Science

Jeff Sessions' War on Marijuana Could Make the Opioid Crisis Worse

by Monica Hunter-Hart
Getty Images / Alex Wong

Jeff Sessions isn’t just delivering evasive testimony these days; he’s also trying to give the federal government more influence over state marijuana laws. “I believe it would be unwise for Congress to restrict the discretion of the Department to fund particular prosecutions, particularly in the midst of an historic drug epidemic,” he wrote in a letter to Congressional leaders shared by The Washington Post on Tuesday. Of course, this “historic drug epidemic” is an opioid, not marijuana, crisis; and stricter weed laws could actually make the epidemic worse.

The National Institute on Drug Abuse funded multiple studies that found a correlation between the legalization of medical marijuana and a decrease in prescription opioid misuse and overdose.
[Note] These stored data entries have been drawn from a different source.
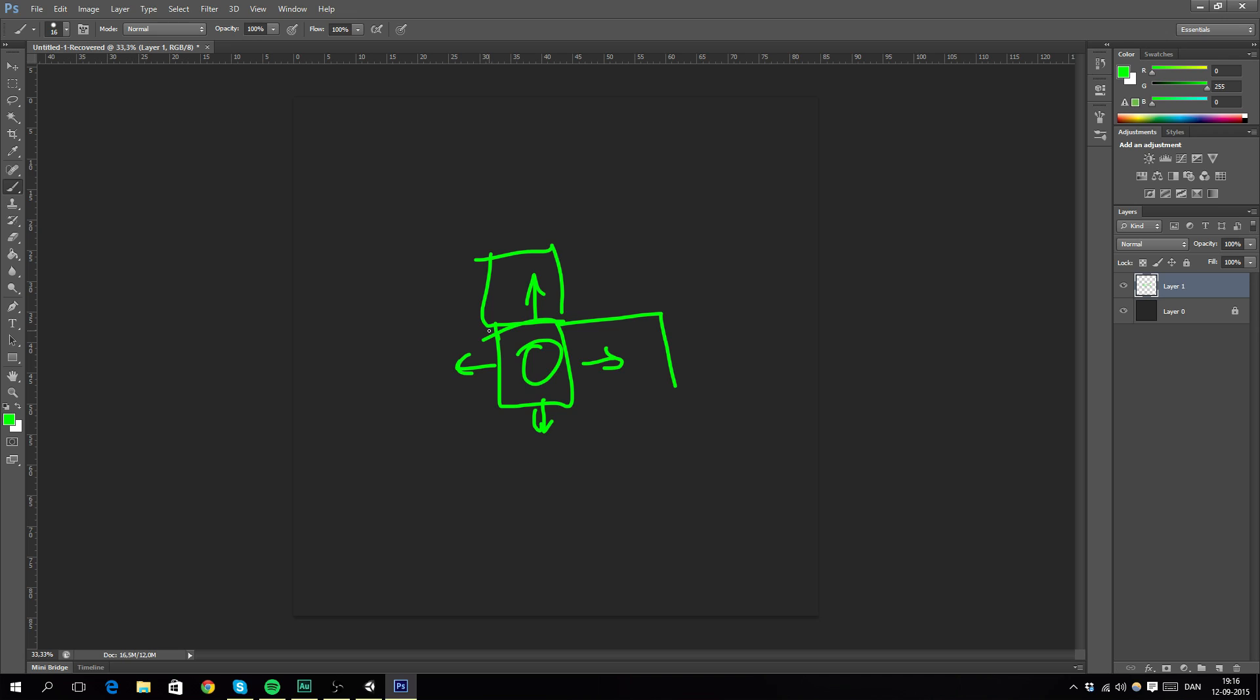So I guess this was just the intro, part one. And in the next part, we're going to set up and start programming. Thank you guys for watching.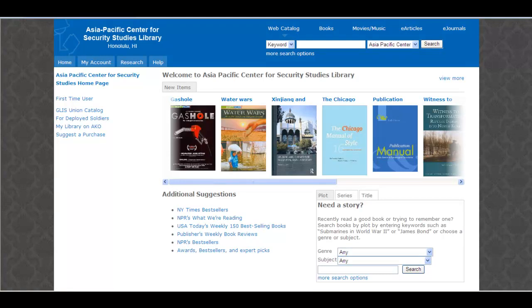Welcome to the APCSS Web Catalog, an easy way to find out what we have in the library and a lot more.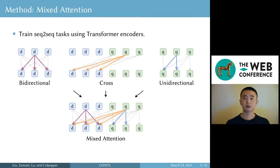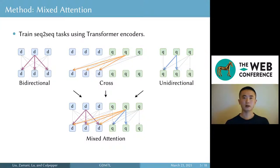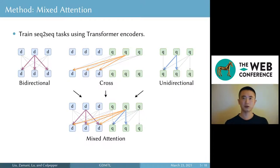We use the mixed attention method. In this figure, we combine three types of attention into one. The blue boxes represent document tokens, the green boxes represent query tokens, and the different colors of lines represent different types of attention. For example, in a document-query sequence, document tokens can attend to each other through bidirectional attention, but query tokens can only attend to document tokens through cross-attention and past query tokens through unidirectional attention.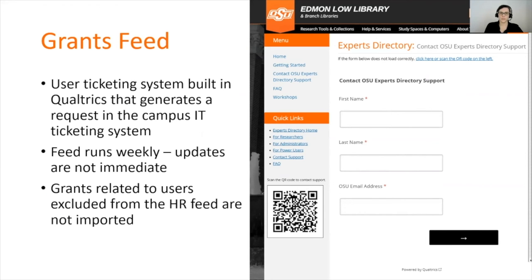Because the grants data is fed into Elements, faculty users cannot edit their own grants data. Our solution for addressing these issues was a user ticketing system built in Qualtrics. Faculty complete a form which is automatically routed to the campus IT ticketing system. Grants inquiries are assigned to GCFA staff who edit the data. Requests to make grants private or hide them from public view are handled within Elements by a library system administrator. Additionally, error logs notify us that some grants fail on import because they have a PI who does not have a faculty classification picked up by the HR feed — when appropriate, these users are added manually to the HR feed. Finally, any grants connected to people excluded from the system for privacy reasons are not imported into Elements at all.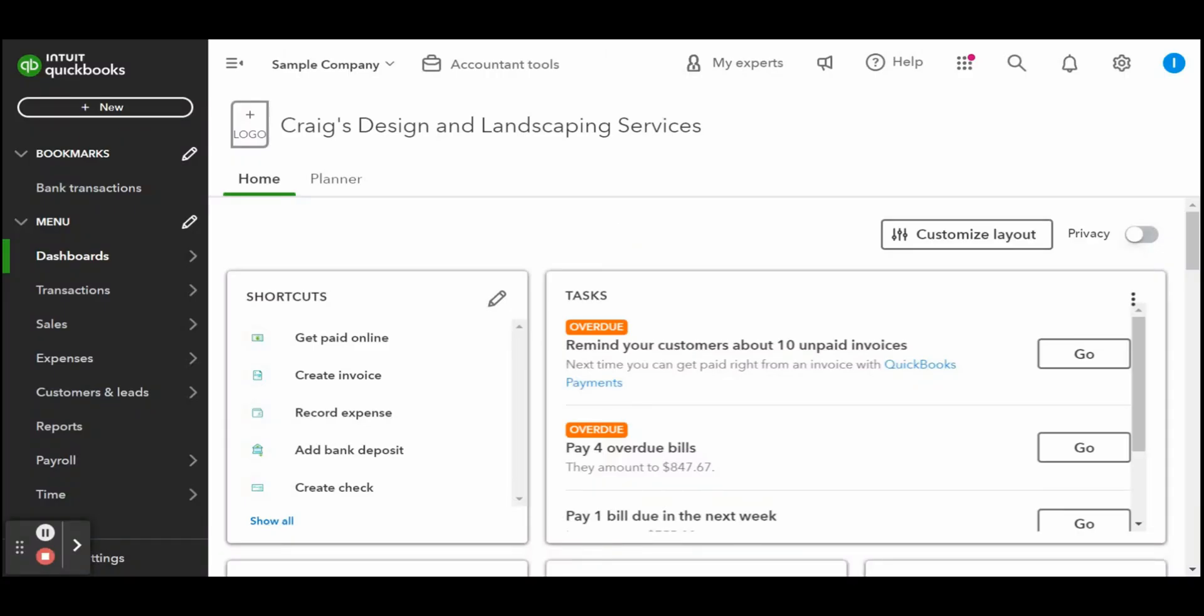Something a lot of my clients don't understand is that they can accept and enter partial payments on invoices. In this economy, partial payments are better than no payments. So let's go ahead and dive in.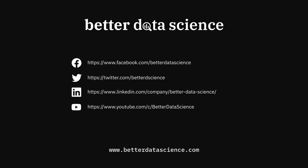In the meantime, please consider giving this video a thumbs up and subscribing to Better Data Science. Thanks for watching. I'll see you next time.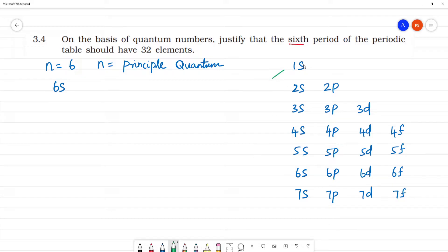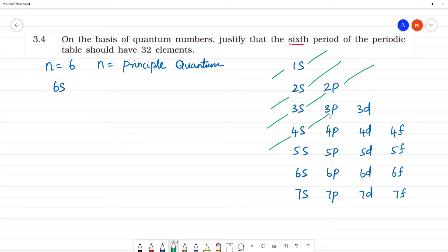When we are writing the Aufbau principle, that means writing the elements in the increasing order of energy.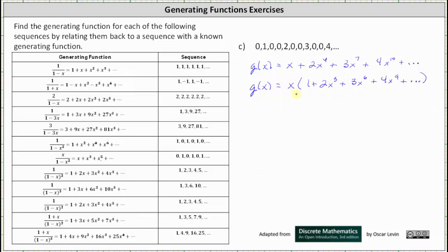Now looking inside the parentheses, the series resembles the series 1 plus 2x plus 3x² plus 4x³, which generates the sequence 1, 2, 3, 4, 5, and so on. The only issue is the exponents on x don't match up — we have x³, x⁶, x⁹, whereas the table series has x, x², x³, and so on.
Weed and opioids can both be used to treat pain, but the latter is far more dangerous; 33,091 people died from an opioid overdose in 2015, a statistic that the The New York Times suggests rose in 2016 and is increasing still further in 2017. On the other hand, we don’t know of anyone who has ever died from a marijuana overdose.

Both Sessions and Sean Spicer have described marijuana as a gateway drug to heroin, but that theory has been thoroughly debunked.

Medical marijuana.

Getty Images / Justin Sullivan

So Sessions is not only wrong to conflate marijuana and opioid use, but also wrong to diagnose any causative relationship between them. If the federal Department of Justice — with Sessions at the helm as Attorney General — is able to interfere more with states’ ability to determine their own weed legalization and enforcement laws, it will probably become more difficult for doctors to prescribe medical marijuana, which will encourage them to turn to opioid prescriptions instead.

Sessions is sabotaging the very cause he claims to promote; but it’s not guaranteed that the legislative branch will listen to him. It will depend on whether Congress includes language that maintains the prohibition on federal intrusion into state marijuana affairs in their Department of Justice appropriations bills.

There’s cause for concern: The Brookings Institution’s John Hudak told The Washington Post that Sessions’ letter could be an effective “scare tactic,” and “could appeal to rank-and-file members or to committee chairs in Congress in ways that could threaten the future of this Amendment.”